I have a confession to make. In a previous post, I referred to the geological feature known as a Sound as being the New Zealand equivalent of a Fiord.
I have come to learn that this is seriously incorrect – they are distinct features and confusing one with the other is a bit like confusing a puddle with a lake.
For clarity therefore, here is the definition.
A Sound is a waterway formed by the action of a river, which results in a v-shaped valley. A fiord is created by the movement of ice, usually in glacial form, which results in those lovely u-shaped valleys that you probably remember from the geography lessons of your youth.
All this geography aside, I will now talk about Milford Sound, which is actually a fiord (I’m not the only one who gets these things wrong, although at least my efforts don’t end up on atlases), in the World Heritage listed Fiordland National Park, on the south west coast of New Zealand’s south island.
A bit of perspective for you. Fiordland National Park is fairly big. It takes up about 10% of New Zealand’s entire land mass. As well as that, everything in Fiordland National Park is pretty big. Lakes are deeper, longer and, I would guess, somewhat colder than in other parts.
Mountains rise out of the sea in distances that can be measured in kilometres. Glacially formed valleys challenge your brain to comprehend the scale of the sight before your eyes, as tiny camper vans and cars crawl like ants on the snake like roads that traverse the area.
So that was the scale. It’s a big place, with some big things in it. Big, impressive, snow capped things.
One of the main drawcards of the Fiordland National Park, and in fact, of all of New Zealand, is the Milford Sound. If you are a Kiwi, this tops the list of the 101 things you must see before you die (yes, there is an actual list).
Specifically, the main attraction is the Mitre Peak, a mountain which rises up out of the Sound to a rather jaw dropping height of 1692m, making it one of the highest mountain peaks in the world of its kind.
There are a number of ways to experience Milford Sound. Scenic flights are one. Walking the Milford Track is another. Standing on the jetty at the Milford Sound cruise terminal is a third option.
But probably the option that most of the half million or so people who come through here yearly choose, and also the one that I went for, is to take a cruise, lasting in the region of two hours, which takes you out into the Sound itself, right out to the where it meets the Tasman Sea, and then back again.
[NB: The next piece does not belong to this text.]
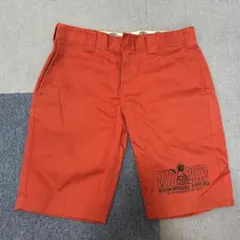 【古着】京都大作戦 2013 ディッキーズ ハーフパンツ(32インチ)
Which was what I did.
Given that so many people visit this part of the world, and the fact that the weather was somewhat stunning (a blessing for a part of the world where they experience 8000mm of rain a year, and a drought is called if more than nine days go by without precipitation), I was a little bit surprised to find that my boat, which could probably accommodate at least 200 people without any trouble, had a grand total of nine passengers.
This was something to do with giant clouds of ash wreaking havoc on flights, but did mean that I had no problem finding a spot to take photos.
Which was a good thing. Because one thing that this journey does is astound you with visual wonders that require you to attempt to capture their beauty, and then wonder quite how to do so in a medium that doesn’t let you print life sized pictures of kilometre high mountains.
The cruise was pretty wonderful. The boat nosed it’s way into waterfalls, sailed along the edge of cliffs that rose dizzyingly into the sky, and even managed to find a pod of dolphins that played in the bow wave. It really was awe inspiring stuff.
Of course, the boat ride, whilst the main highlight, wasn’t all that there was to do in this part of the world.
The 119km drive from Te Anau to Milford Sound itself was a pretty awe inspiring journey in itself, with hair raising roads and spine tingling vistas around pretty much every corner. There was even a tunnel, hand hewn over a period of twenty years, forming part of the route, angling down through the mountain at a 1 in 10 ratio for a kilometre.
We even did a bit of a walk in the park, walking up a part of the world famous Routeburn track, the other end of which we had walked from Glenorchy. Admittedly we have missed out the middle, but this is about the closest we have come now to doing a great walk on the south island.
The views from the walk were spell binding, with snow lined mountains all around, and endlessly blue skies stretching beyond. Quite marvellous stuff.
As always, there are were far more things to do here than budget allowed for, with trips to Doubtful Sound (argued to be better than Milford by some, although better can probably be substituted for different) available, as well as all the usual Kiwi adventure activities.
We, though, were delighted to have been provided with two days of absolutely glorious weather in which to enjoy the park, and views that we will never forget.